O presidente da Câmara Municipal de Figueira de Castelo Rodrigo, António Edmundo, defendia, como o seu antecessor Armando Pinto Lopes, a construção de uma barragem em Vale Afonsinho ou Monforte (onde já existe um aproveitamento) mas as pretensões vieram a ser goradas com o anúncio da construção de uma grande barragem no Sabor, na margem direita do Douro, concelho de Torre de Moncorvo.
O Côa é a principal fonte de abastecimento de água no projecto de Regadio da Cova da Beira, num primeiro transvaze que partir da Barragem da Senhora da Graça (Sabugal) para a de Meimoa (Penamacor) leva águas da Bacia Hidrográfica do Douro para a do Tejo.
O “rio louco”, melhor e simplente o Côa ( ou Cua, comonera conhecido no passado) atravessa uma vasta região que se insere na Meseta Ibérica datada da Era Primária, descendo do concelho do Sabugal até Vila Nova de Foz Côa, depois de atravessar os concelhos de Almeida, Pinhel, Figueira de Castelo Rodrigo.

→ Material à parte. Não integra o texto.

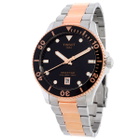 Tissot Seastar Quartz Black Dial Mens Watch T1204102205101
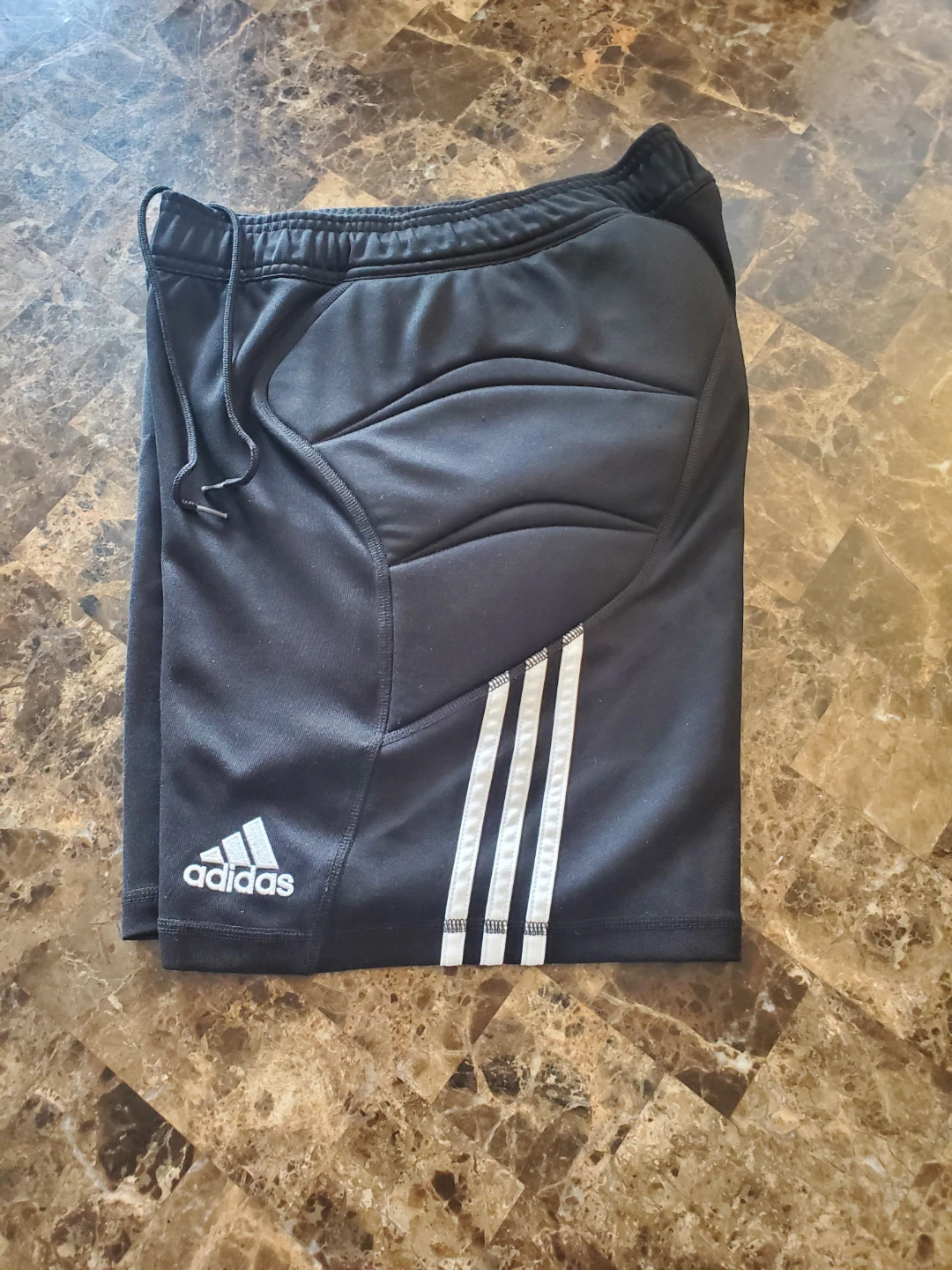 Men's Black Adidas Bike Shorts Size S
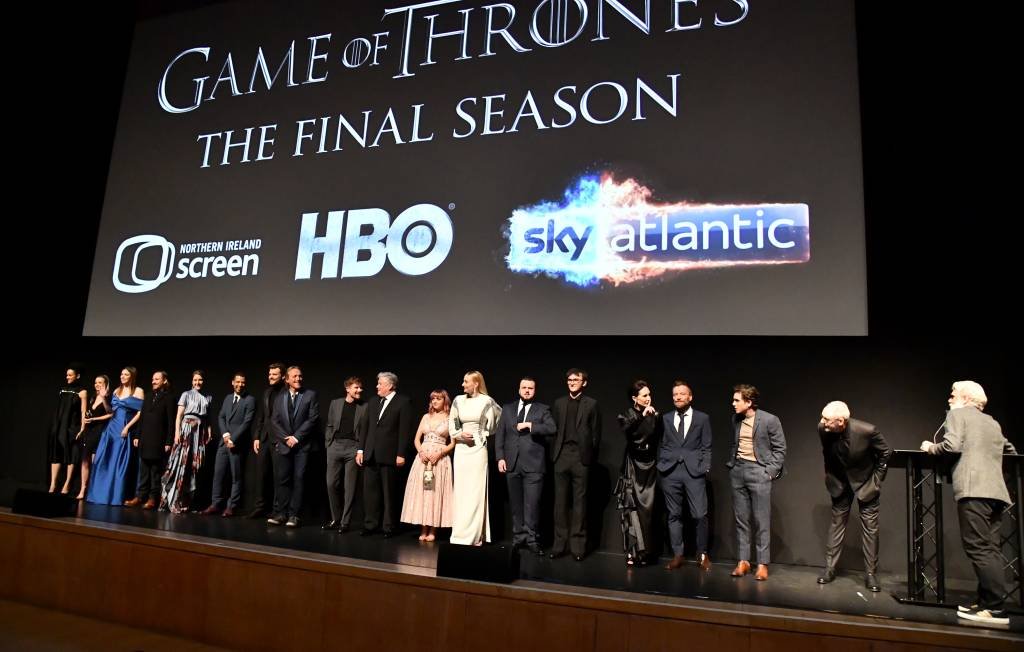 Premiere da temporada final de 'Game of Thrones': é a primeira vez que a série, encerrada neste ano, participa do Emmy (Jeff Kravitz/FilmMagic for HBO/Getty Images)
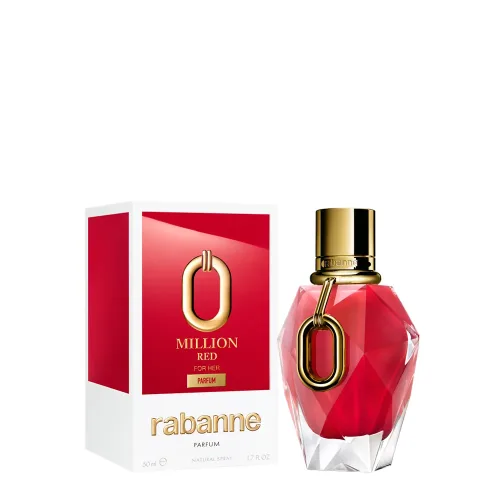 Rabanne Million Red For Her Parfum 50 ml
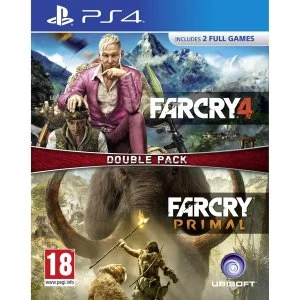 Far Cry 4 and Far Cry Primal PS4 Game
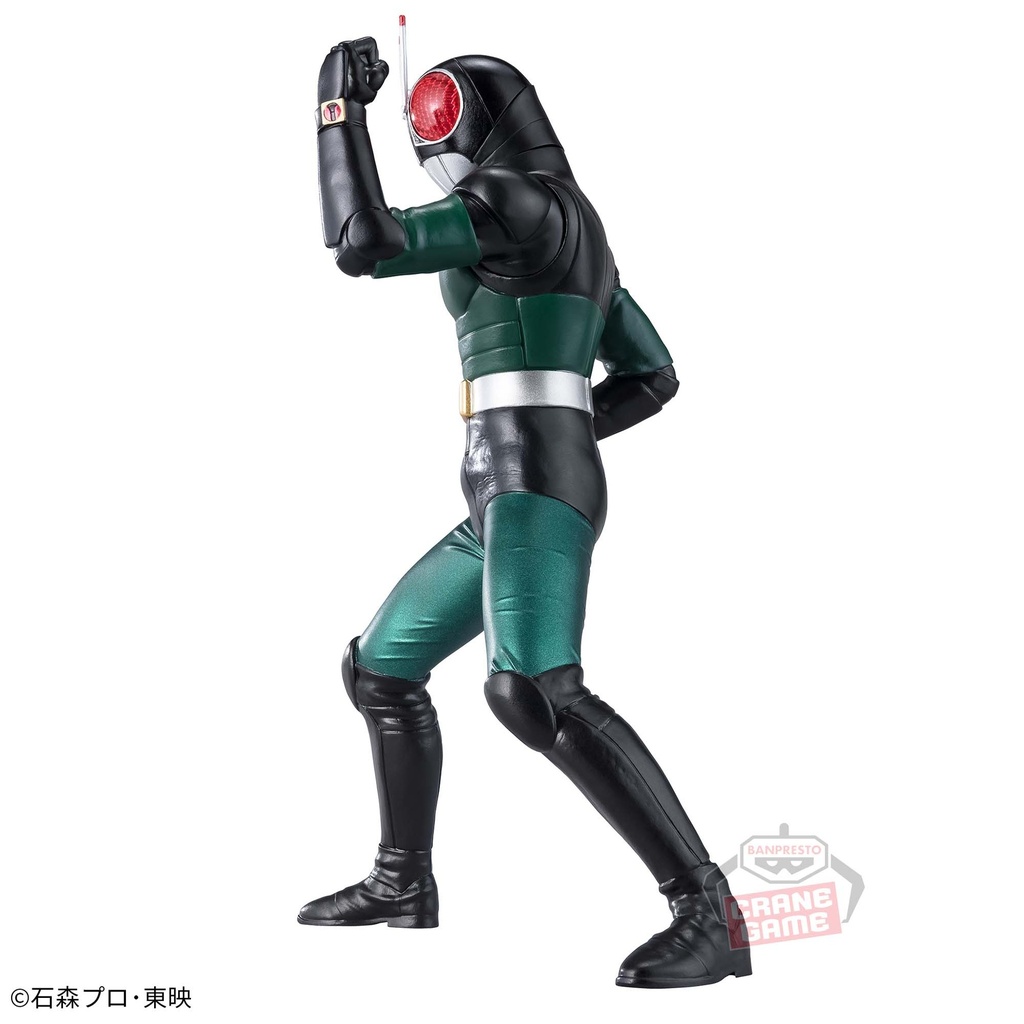 (PO) Kamen Rider Black Hero's Brave Statue Figure - Kamen Rider Black RX Image_4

Mesmo perto da foz, no sítio do Poio, na periferia de Foz Côa, numa escarpa acentuada são explorados os esteios de lousa ou xisto que no passado recente serviram para suster vinhas e pomares do país e estrangeiro e agora embelezam as construções, os arranjos urbanos, as fontes e s museus.
Desvenda inicialmente os “ segredos” da Serra das Mesas e Malcata, para, numa correria misturada entre apertadas gargantas e espraiamentos tantas vezes aproveitados para lazer, vislumbrar as serras da Estrela, de Aldeia Velha, , São Cornélio e Frágoas, Marofa, a Terra Quente do Douro
A região Cudana ou Trancudana muito deve da sua riqueza e beleza a este rio único, onde apascentam rebanhos de cabras e ovelhas, manadas de bois, alguns dos quais de raça Jarmelista, em perigo de extinção.

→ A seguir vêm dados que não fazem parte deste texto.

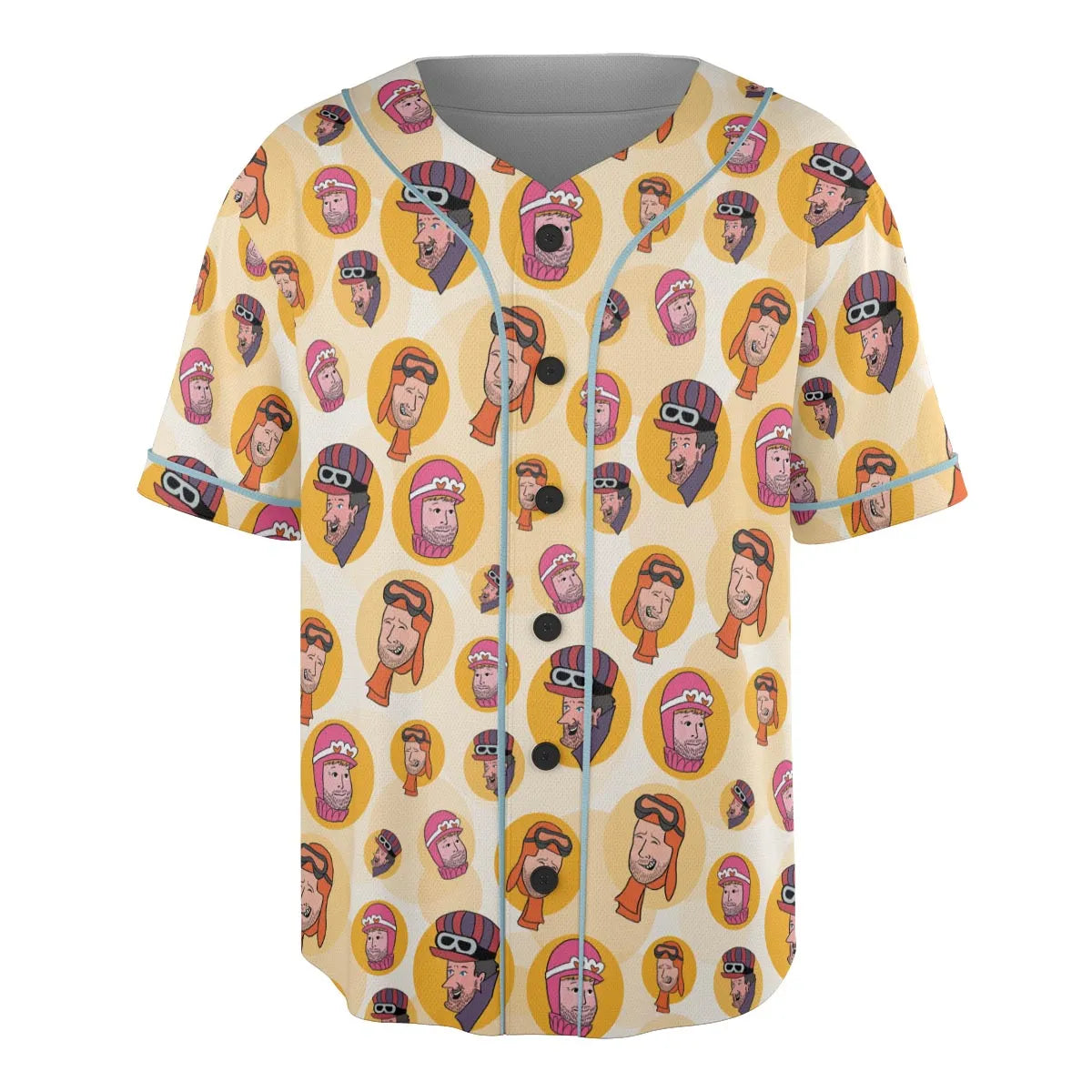 Unisex Baseball Jersey - UNFZ4EWN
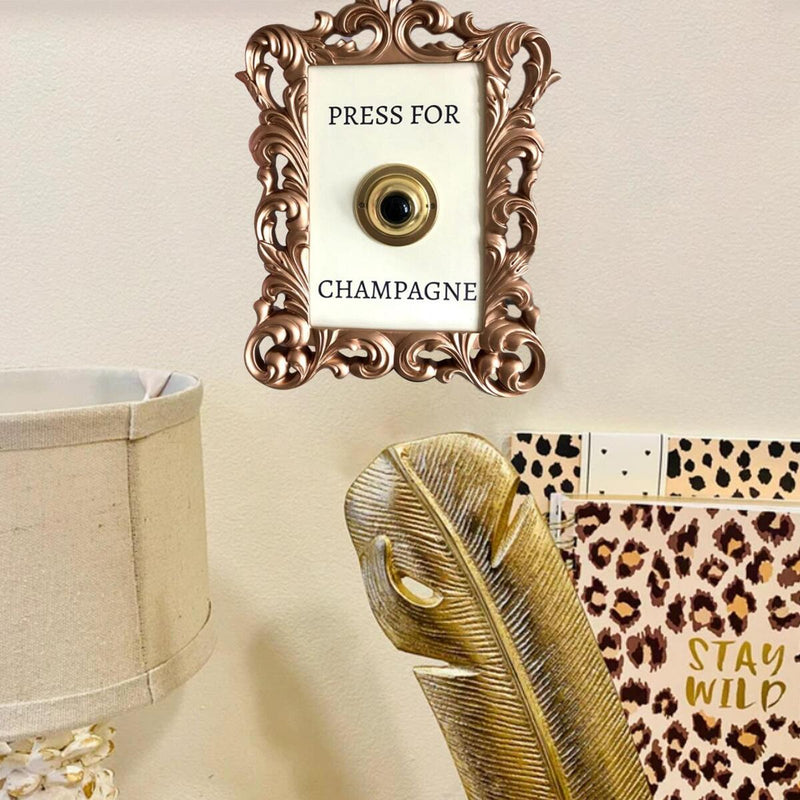 Ring Mini Press For Champagne Button Press For Champagne Door Ring Bell.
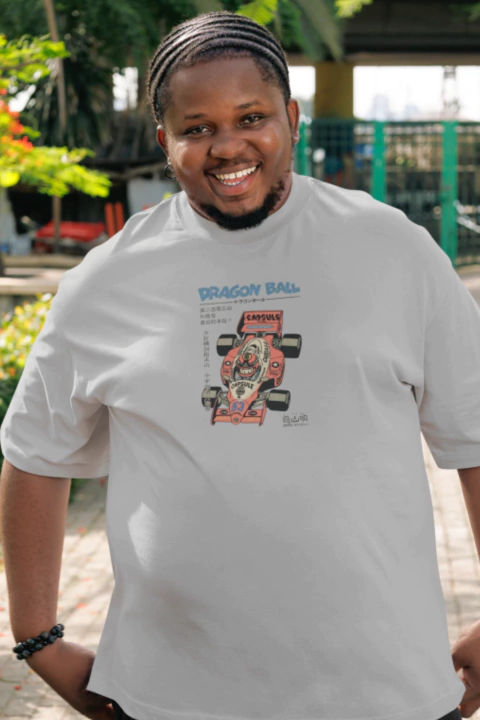 CAMISETA TURBO Z- GOKU PLUS-SIZE - comprar online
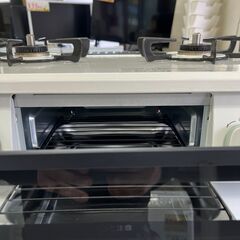 【リサイクルショップ ピカソ 小松原】🍳🔥【2025年製‼️超高年式✨】リンナイ LPガス用 ガスコンロET34NJH4A-W5（RT34NJHD）グリル付き🔥🍳★9465★の画像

No passado do Rupestre, saltitavam nos barrocos e pastavam nos vales cabras, cavalos, veados, auroques, recolhia-se peixe, enquanto que mãos rudes talvez arrancavam das lascas pontas de seta em sílex, raspadores, machados, moinhos improvisados de pedra.

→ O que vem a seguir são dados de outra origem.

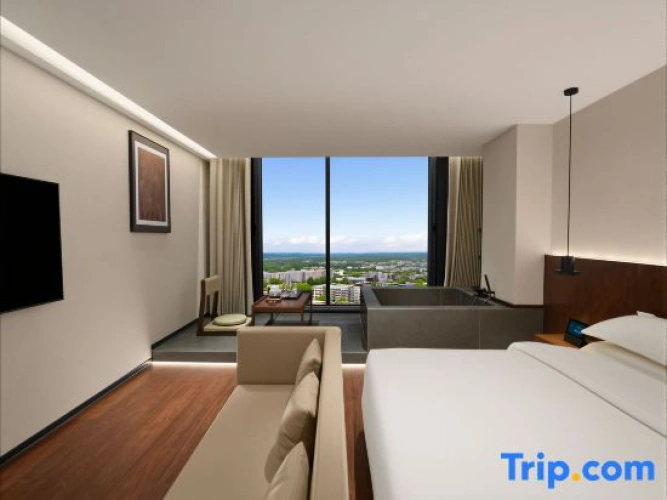 2 Bedrooms Suite with sunrise view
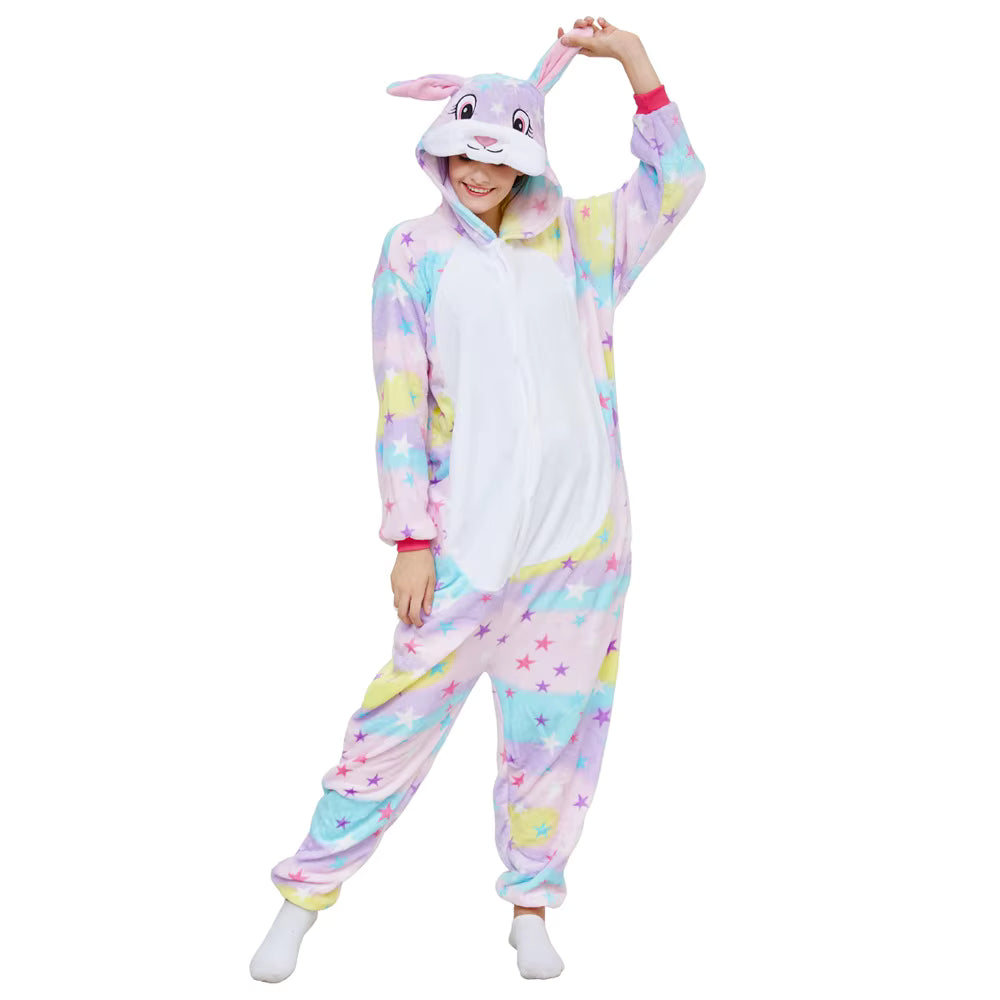 Värikäs Pupu Eläinasu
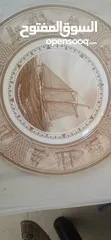  4 wedgewood Americ sailing ship plate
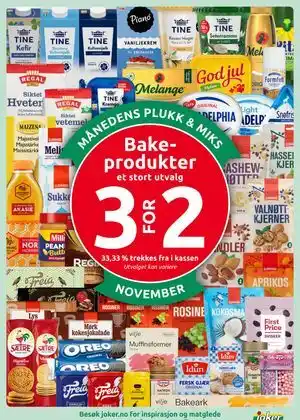 Joker Bakeprodukter tilbud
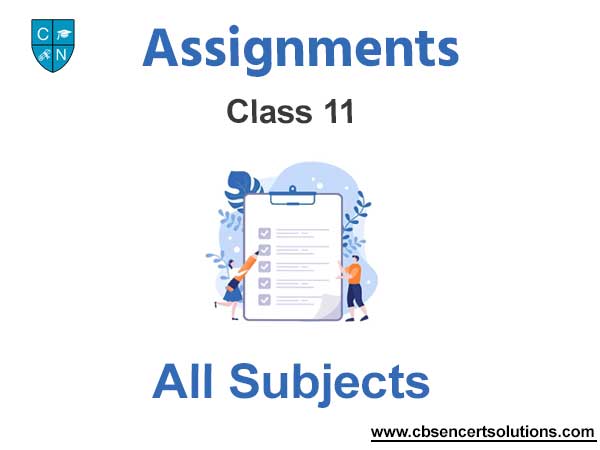 Class 11 Assignments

Tudo está retratado nos painéis singulares e também místicos de um Côa rio que se revela um livro ainda por conhecer na sua totalidade, qual pergaminho que faz das terras raianas um autêntico museu vivo, casado com um património que desde a Pré-História, passando pelos períodos celta, lusitano, romano, muçulmano, medieval ao contemporâneo, testemunha em calçadas, pontes, solares, castelos e palácios, ruínas e fontes verdejantes, conventos e oradas, povoados e cidades, uma identidade única de ser Beirão e Raiano.